Порой мне снятся странные сны. Будто бы я и есть Петербург. Мою макушку украшает вечный трубный ангел, суставы пальцев со скрипом разводятся по ночам, а по венам течет тяжелая невская влага. В психиатрии это называется интроекция — отождествление себя с чем-то иным. Такая штука, с которой начинается невроз. Мне все равно. Невроз — так невроз. Смущает одно. В этих снах никогда не было людей. Петербург был чист, словно божий разум, пуст, как семипалатинский полигон. Я смотрел на эти набережные как бы изнутри, глазами города и не видел ни одной сорванной ветром шляпки, ни единого окурка, не слышал отголоска детского смеха или гулкого кашля старухи. Все было создано кем-то, кто даже не знал о существовании людей или просто делал вид, что они не важны. И люди, чувствуя это, растворялись в фонтанной дымке города, которого нет. Города, созданного мной.

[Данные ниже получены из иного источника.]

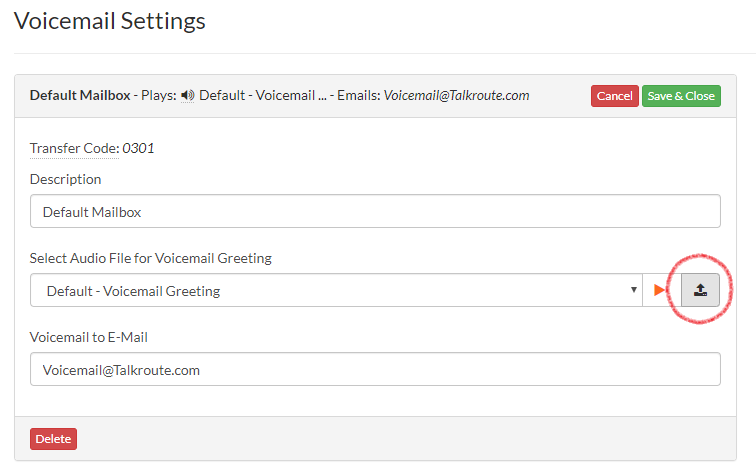 Upload icon next to voicemail greeting dropdown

Но есть и настоящий Петербург. С жужжащими толпами прохожих на Невском, с горячим кофе на балконе «Астории», с судами, спешащими в Ладогу, с чайками над куполом Царя Царей. Но это не мой город. Тот, легендарный, дворянский чертог погиб на большевистских баржах, задохнулся в Алексеевском равелине, сгнил на сибирских рудниках и кончился в кромешной мгле блокады.
Мой Петербург. Мой Ленинград.
Перед революцией тут жило два с половиной миллиона человек. Статные генералы с миловидными дамочками катались на Bentley по Крестовским дачам, аптекари толкли аспирин, зеленщики торговали укропом, смольные институтки шушукались на лавочках Летнего сада, бомбисты взрывали государя, рабочие плавили металл. Город жил. А потом он умер. Кто-то вовремя уехал, большинство были расстреляны, потоплены, запытаны. Настоящий вековой Петербург, единственная мировая столица, расположенная северней 60-й широты, перестал существовать.